In other Japanese news, the nation has a new prime minister in the form of Taro Aso, has bailed out the American economy by acquiring several American banks and is currently hosting the Yokohama Triennale, which I'll be blogging about for the NYT on Friday.
Re: Yokohama Triennale
Date: 2008-09-28 03:51 am (UTC)So you really need to attract the local population. Now, Yokohama is a big city and there are plenty of generally interested people that COULD be attracted, had the curators made a bit more of an effort to do so.
As I wrote in my review, this triennale is noteworthy mostly for what is missing, namely works that are "attractive" in the most basic sense, i.e. public magnets: eye-catching public artworks, works that are immediately enjoyable even without a long art education, photogenic works that look good in reviews and newspaper articles, or works that relate to local issues. Performances are well and fine, but can usually only be seen by a handful of people at a time, and most performances were concentrated to the busy opening weekend and are over already.
You quote one foreign reviewer as saying the show is boring, but that sort of misses the point. Foreign visitors are only a minor fraction of the paying audience anyway. The thing is that if Japanese reviewers also find it boring, they won't write much about it at all. For instance, my morning daily Asahi Shinbun had a token review on the first day, with a small black and white photograph and some quotes from the press kit, but no personal opinion whatsoever, and I haven't seen a single line about the triennale in the two weeks since.
The first triennale in 2001 became a big success mostly by accident, in a way totally unforeseen by the curators. Although a lot of the art was good, attendance was extremely poor for the first month and it looked like a disaster. Then, however, the huge but brittle grasshopper on the front of the Intercontinental Hotel suddenly became the talk of the town and was covered almost daily in the news: will it fly today or not? All of a sudden, the Triennale became a hot date spot for young couples in the Kanto area, and during the last few weeks there were Disneyland-like lines around the corner to several of the attractions (an hour to get into that John Bock room, for instance).
Unfortunately, I doubt that anything similar will happen this time.
Jan
Re: Yokohama Triennale
Date: 2008-09-28 07:52 am (UTC)Isn't that the nature of the Japanese press, though? They tend not to do criticism in the Western sense. I don't think you can blame that on the YT.
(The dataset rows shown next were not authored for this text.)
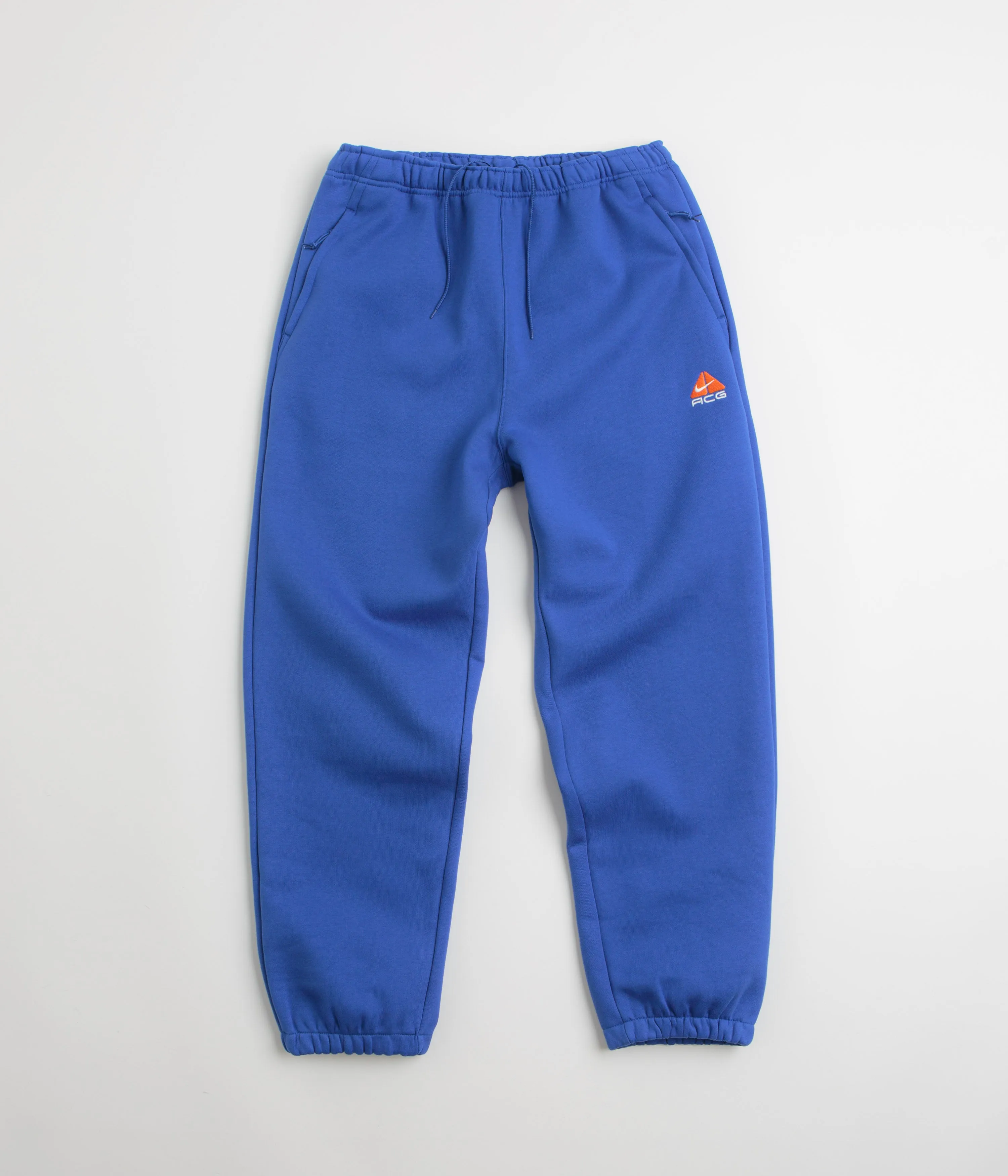 Nike ACG Tuff Fleece Lungs Pants - Game Royal / Safety Orange / Summit White Nike ACG Outdoor Clothing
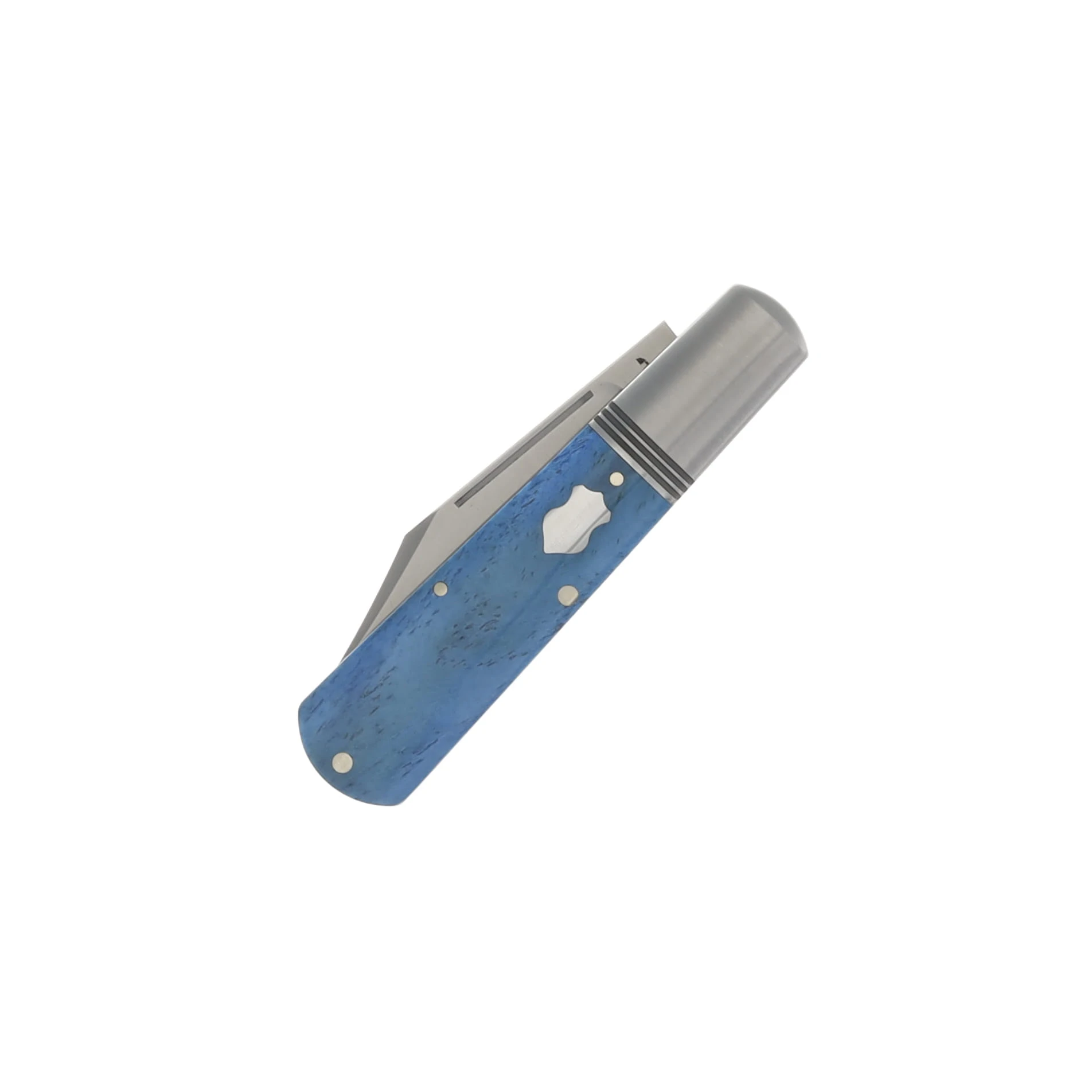 Jack Wolf Gateway Barlow Folding Knife Smooth Blue Bone GW-BAR-01-SMT-BLU-BON View 5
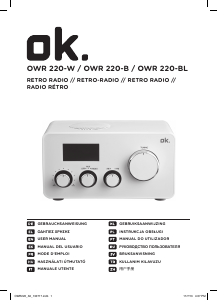 Manual de uso OK OWR 220-W Radio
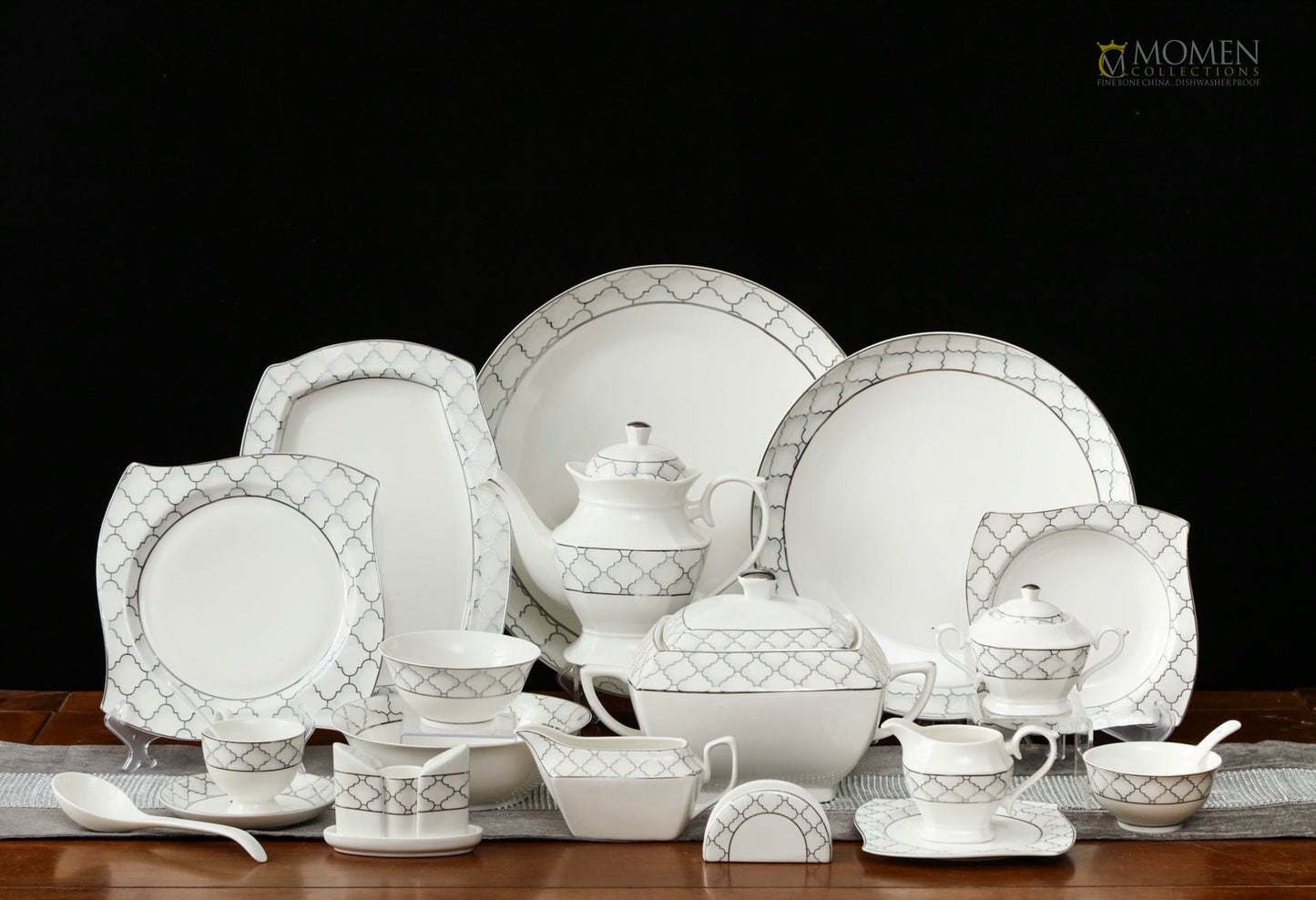 DINNER SET (square plates)
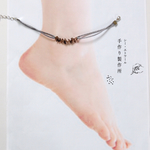 緑の華奢なミニビーズのアンクレット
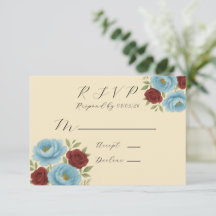 Lyons Blue Peony & Dark Red Peony Mariage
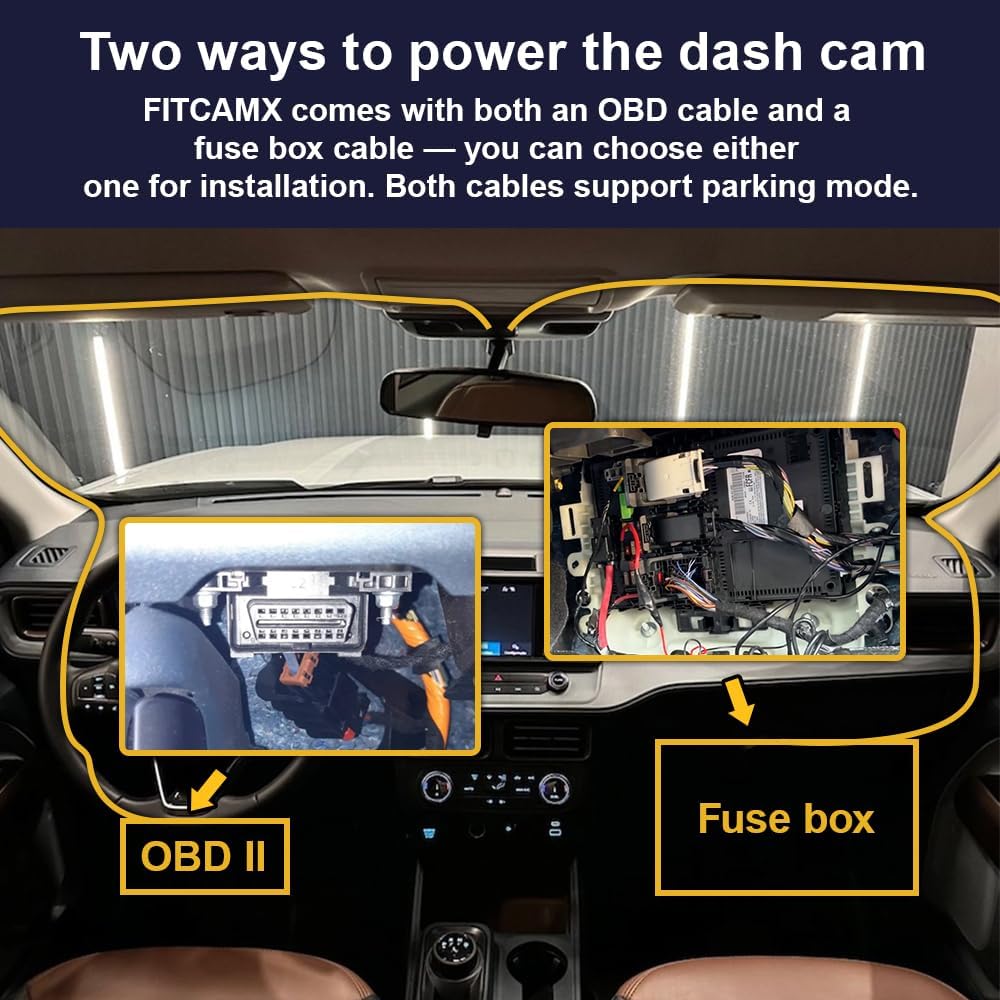 OEM Style Dash Cam Compatible with Ford Maverick (2022-2026) - Front 4K + Rear 1080P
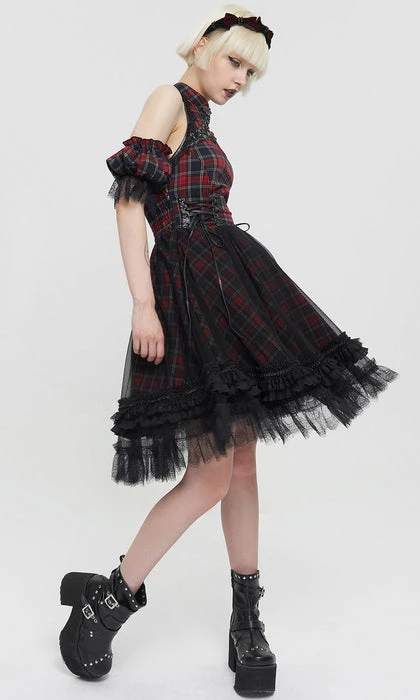 Dark Garnet | DRESS* DEVIL FASHION Punky Colour Dark Garnet | DRESS* -VERA’S EYECANDY Shop SKT143 1 ee60e137 da07 47a5 a85a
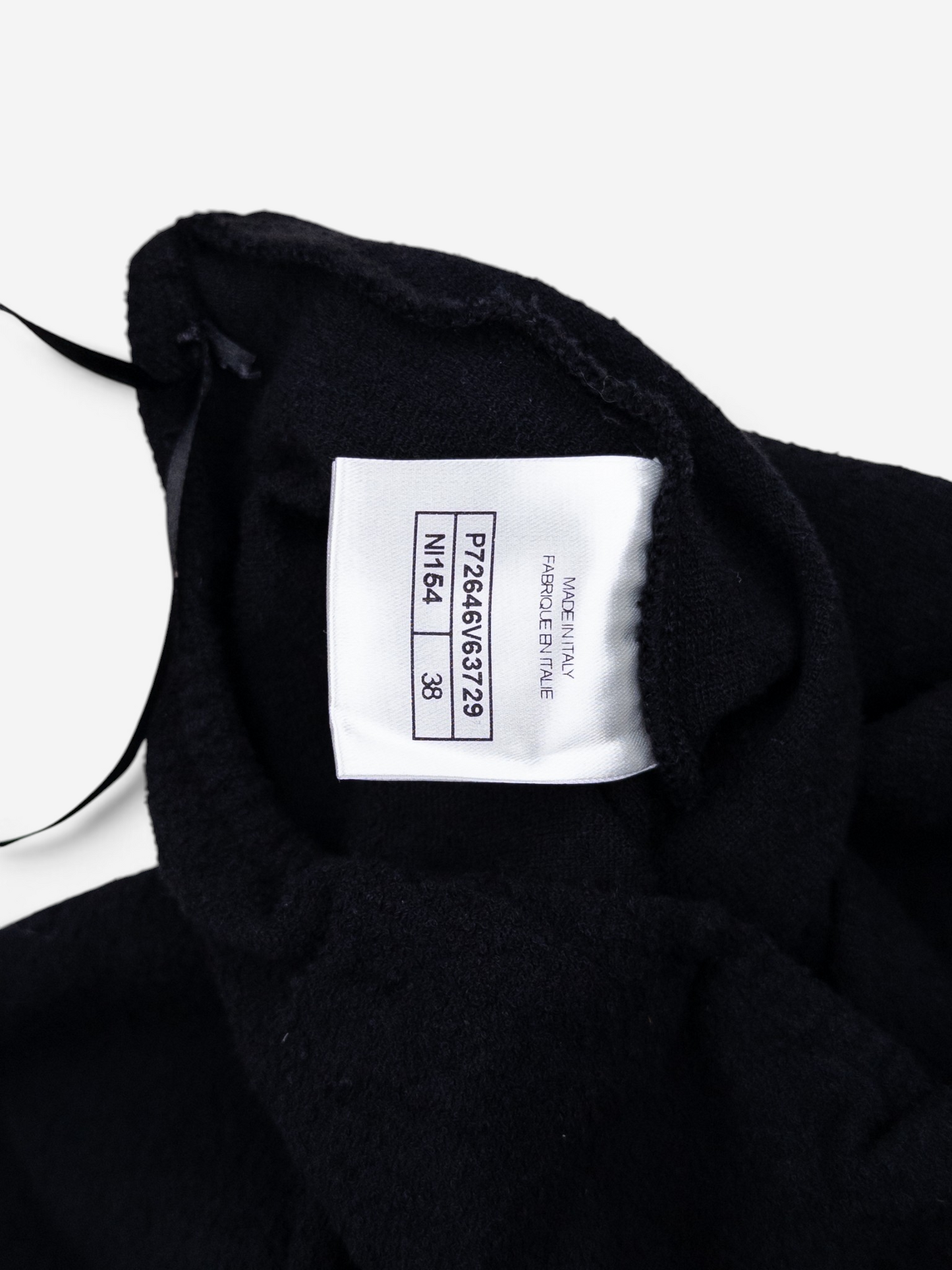 Chanel SS22 Backless CC Logo Two-Tone Jumpsuit Overall – inner care label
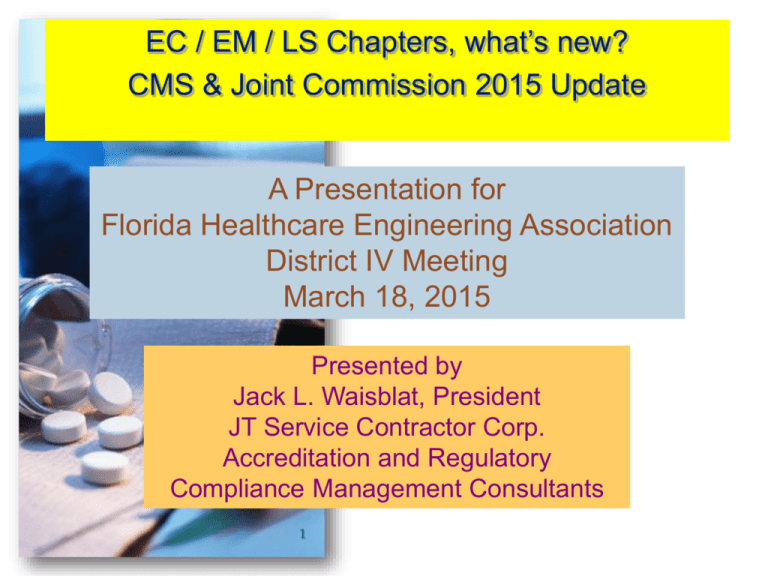 Educational Presentations Florida Healthcare Engineering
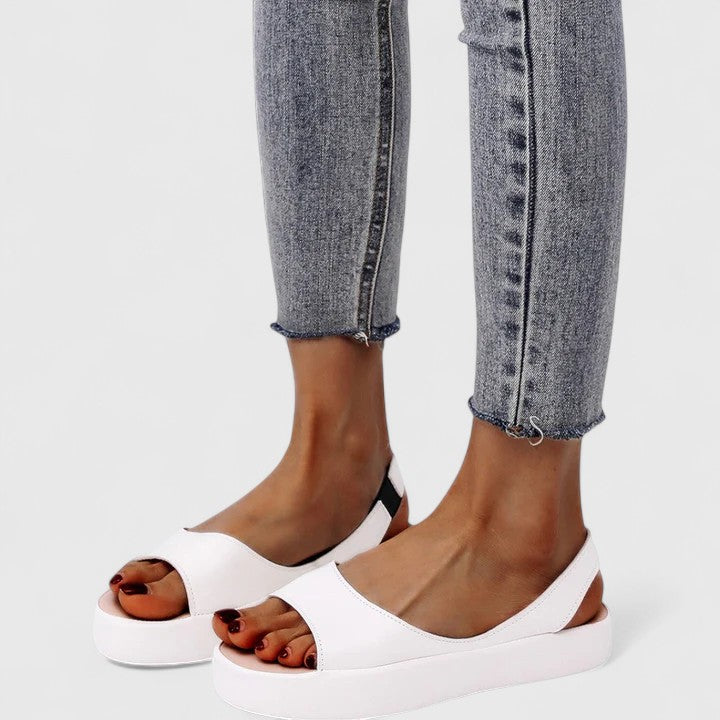 Orthopedic Wedge Sandals for Women with Cushioned Insole and Elastic Back Strap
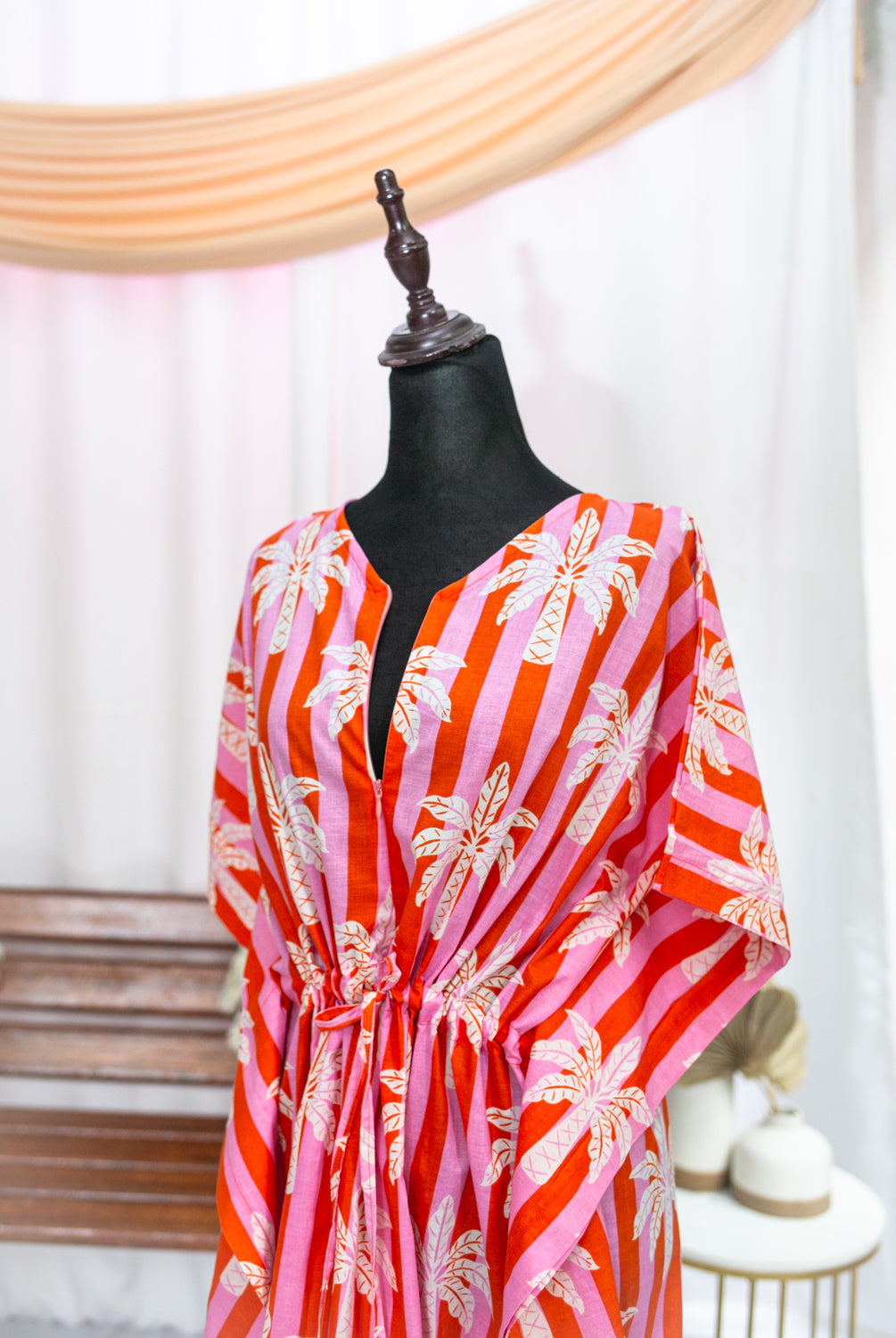 Pink Tree Feeding kaftan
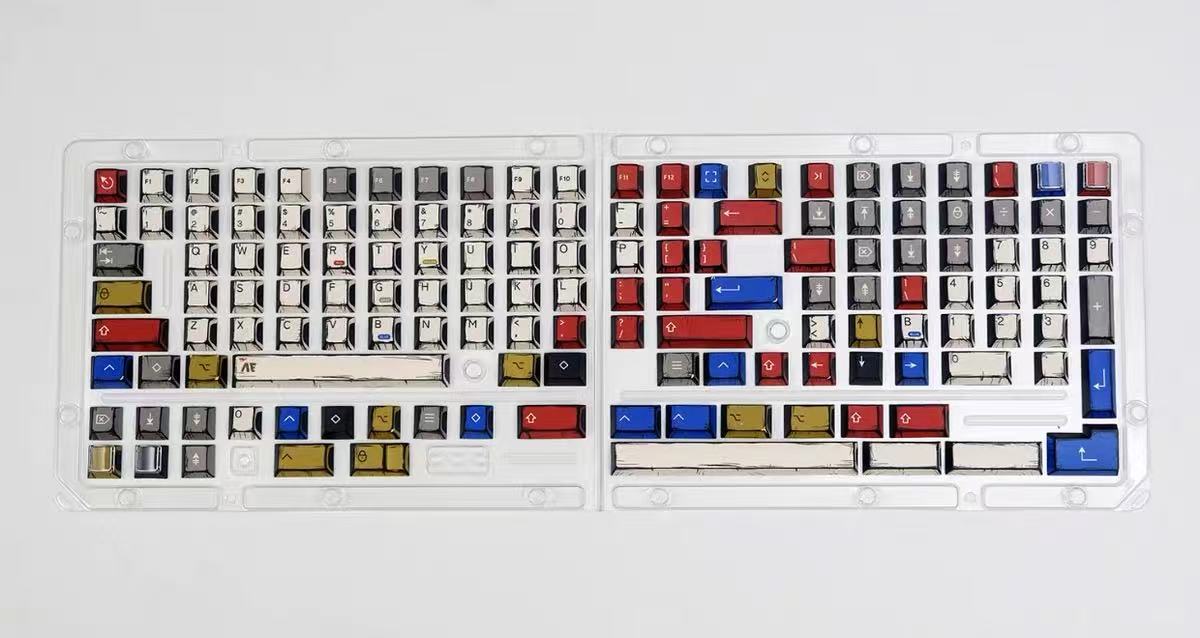 Click Inc Comic Dye Sub Keycaps MKAHNKKZYY |25167|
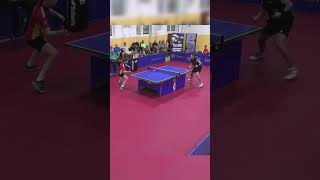 Wait for the revenge 👀 foryou pingpong tabletennis spin forhend smash [upl. by Morez559]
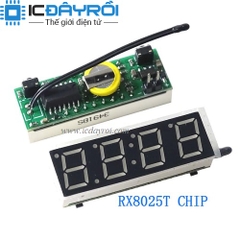 Mạch hiển thị đồng hồ, nhiệt độ, điện áp đa năng RX8025T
As for the grasshopper on the Continental Hotel, I thought it was the worst piece in the first Triennnale. It might as well have been part of some advertising campaign. Better populism, in 2001, was the use of a shopping centre as venue, and the huge photo of a clogged granny (http://imomus.com/dailyphoto040901.html) by (was it?) Miwa Yanagi.
This year, there were some things that would surely have intrigued the local populace: the Fujiko Nakaya artificial fog, for instance, or Terence Koh's crowd-walk to the sea.
But, frankly, I think trying to make contemporary art populist or locally-relevant would be a big mistake. I think it ought to be a sort of publicly-exhibited research, a sort of esoteric poetry, a rather austere beauty that you adapt to more than it adapts to you, a high church. Play to its weakness (elitism) and you'd get something like tabloid TV in an art context. Play to its strength and you get something no other medium can do. And yes, that does often mean slowness (Tsunoda and Luke Fowler's piece) and pretension (Saburo Teshigawara writhing around in broken glass) and difficulty and obscurity and obscenity (Hermann Nitsche) and spikiness (Cameron Jamie) and taboo (Marina Abramovic with her instructions on nude platform viewing).
There's plenty of room in commercial media for the glib and the flashy, we don't need them in art, and when art does them (Damien Hirst springs to mind) it's at its worst.